So, weighting everything together, my personal opinion is that we should, in order of priority and realism:
1. definitely set DBUS_SESSION_BUS_ADDRESS to "disabled:" if not set when having a  --test-type flag
2. consider (but I'd like other opinions here) just doing this regardless of --test-type.
3. adding some checks around third-party code using fork() (i.e. introducing some ScopedAllowFork() only in places where we actually expect it) and forbidding the use of any library that  just does that.
4. considering backporting that tcmalloc atfork, but that honestly is quite some work and would make me quite nervous about the stability risks.

Comment 8 by kbr@chromium.org, Apr 28 2017

#5: what I'm suggesting is to change the interface to do_exec so that the caller does the opendir/fdwalk before fork(), but just collects the file descriptors, and passes that array of "fds to call fcntl (fd, F_SETFD, FD_CLOEXEC) upon" to do_exec. Then do_exec (after the fork) would iterate down that array making that call on each.

Comment 9 by kbr@chromium.org, Apr 28 2017

Primiano and I talked offline and he pointed out that my proposed solution would introduce a race condition where a multithreaded program could open a new fd between the time the fdwalk was done, and when fork() was called, and that would be leaked. Ignore my suggestion as there's a better one in https://bugzilla.gnome.org/show_bug.cgi?id=746604#c8 .

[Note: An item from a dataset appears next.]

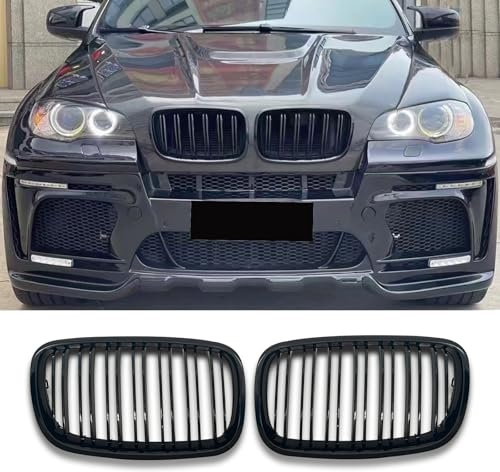 Hengjiayao E70 E71 Schwarze Nieren Kühlergrill für BMW X5 X6 E70 E71 Nieren Doppelsteg Sport Glanz Schwarz E71 Kühlergrill Vorne 2007-2013 (For E70 E71 2007-2013)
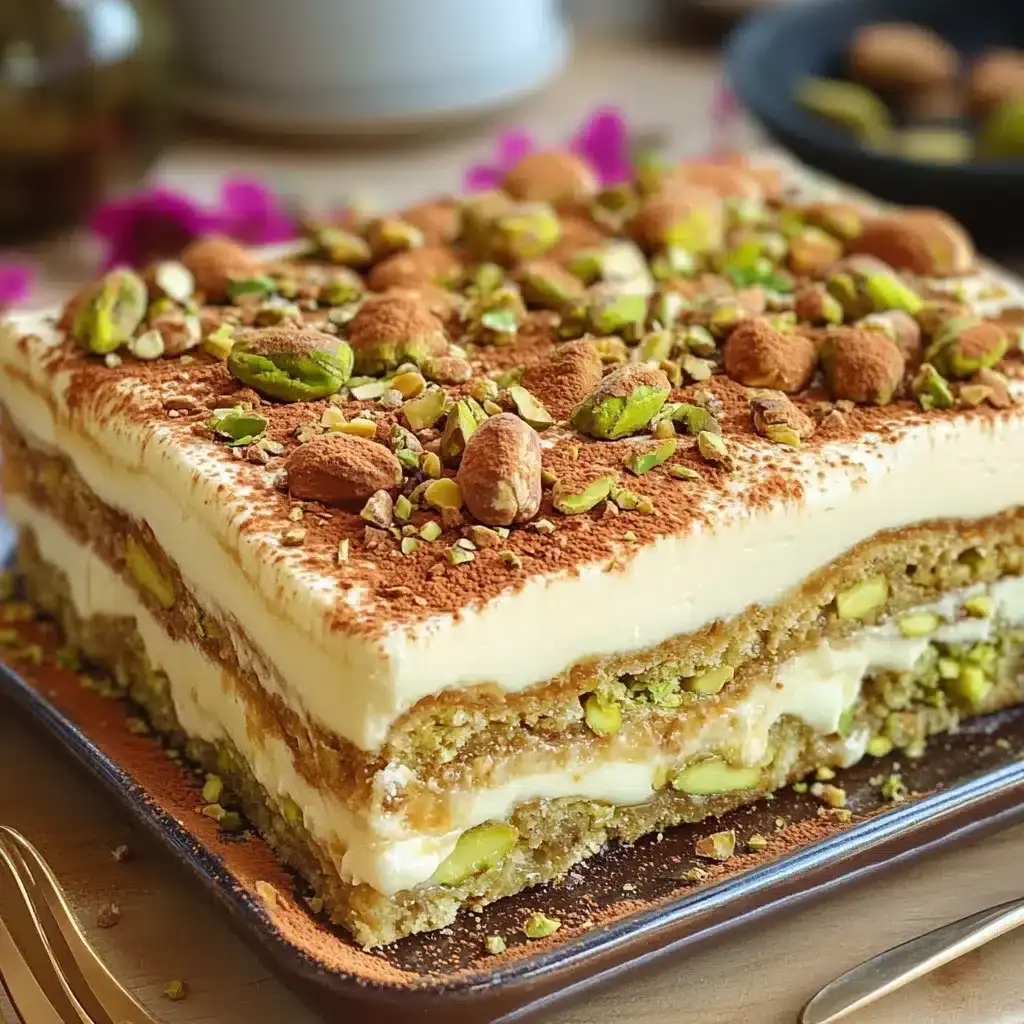 tiramisu pistache cassonade caramélisée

Comment 10 by kbr@chromium.org, Apr 28 2017

Also, per #5: the stack trace showing the problem in gspawn is from this linked bug comment:
https://bugs.chromium.org/p/chromium/issues/detail?id=309093#c51

Owner: primiano@chromium.org
Status: Assigned (was: Unconfirmed)
Re #10, Ah thanks. If I read that stacktrace correctly I think that is just the old version of the dbus client glib which was using g_spawn, while now libdbus migrated to have its own implementation (which is almost copy/pasted from gspawn).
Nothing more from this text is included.